Max was rather a lazy fellow, and he always let the smaller boys do his work—if they would agree. He was good natured enough about it.

He sat down in a sheltered place, and had Bobby and Fred cut the under branches of the firs for firewood, and they soon had a nice little fire going.

This might attract the attention of the enemy to the fort, but Max did not care for that.

"You boys keep on making snowballs. You'll have to make them outside the fort—down on the ice, there, and then you can draw them in on the sleds. Get busy now."

"What are you going to do?" demanded Ginger Martin, rather perkily.

"Never you mind, youngster," returned Max. "You never read of the officers in authority getting on the firing line, do you? I've got to stay up here and keep watch, and plan the defense of the island."
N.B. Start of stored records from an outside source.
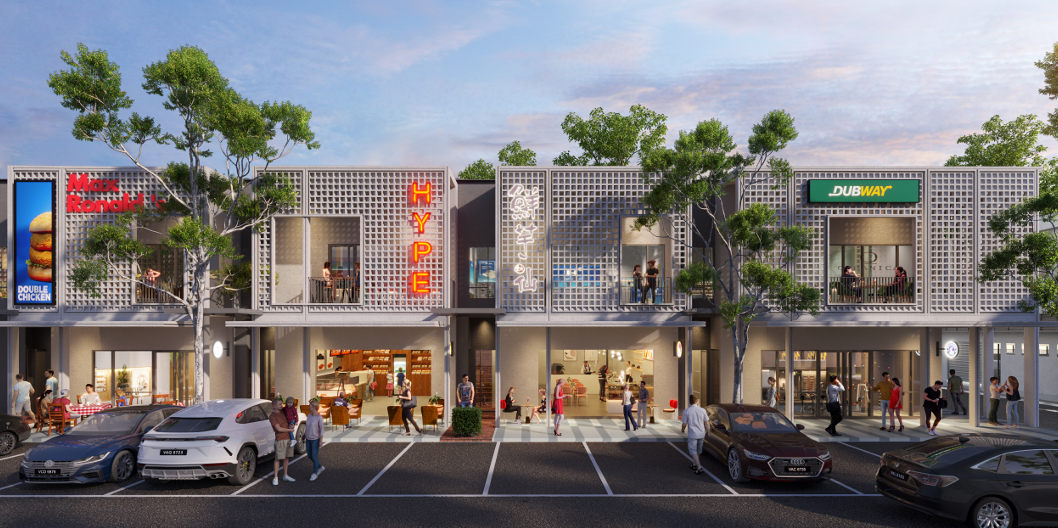 Sejati Sentral @ Sandakan image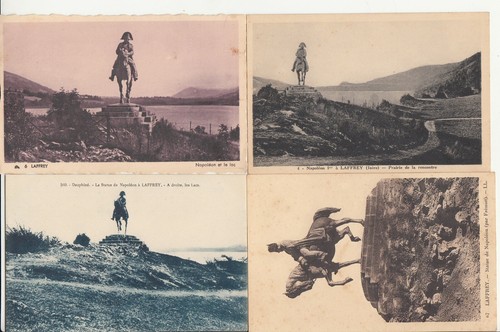Lot cartes postales - 4,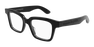 Оптическая оправа McQueen AM0385O 001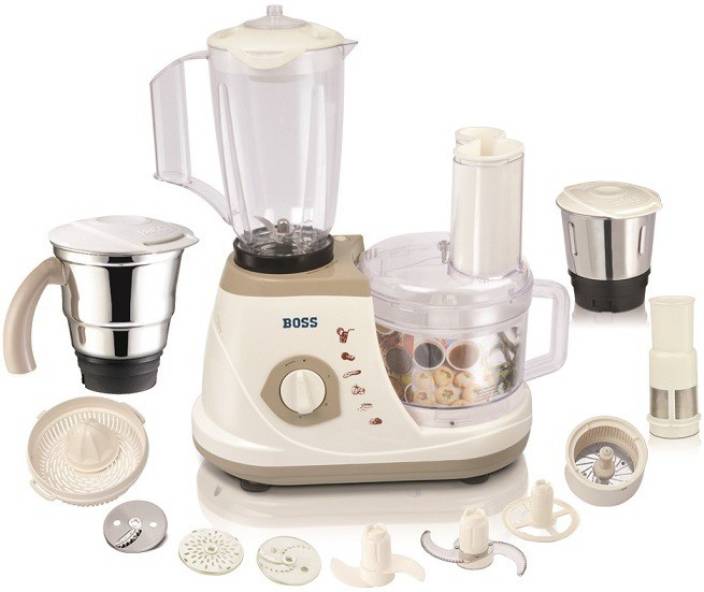 Boss DX 600 W Food Processor Image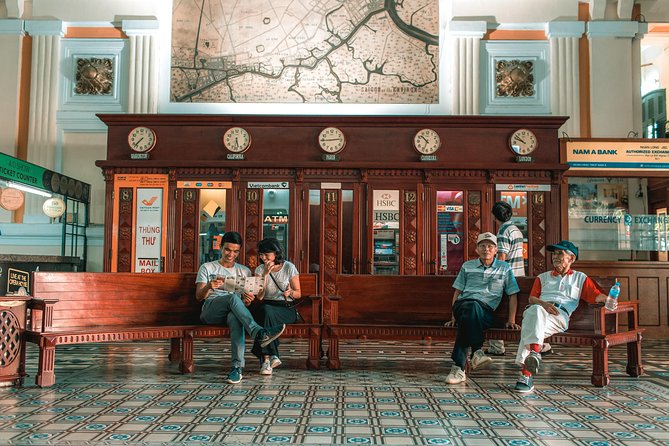 Private Ho Chi Minh City Half-Day Tour - Why this Ho Chi Minh City half-day route makes sense
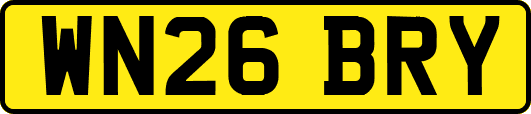WN26BRY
"Oh, crickey!" exclaimed Ginger, scornfully. "You're a regular Napoleon—not!"

And it was a fact that, had the younger boys holding the fort depended upon Bender's watchfulness, the Beldenites would have been upon them unannounced.

Naturally the boys making snowballs did so on the side of the island facing Rockledge School. The island hid from them the Belden side of the lake.

But suddenly Bobby, who had dragged in a heavy sled load of snowballs, and was packing them securely in a pile behind an upper fortification, chanced to stand up to stretch his limbs and looked over the breastwork.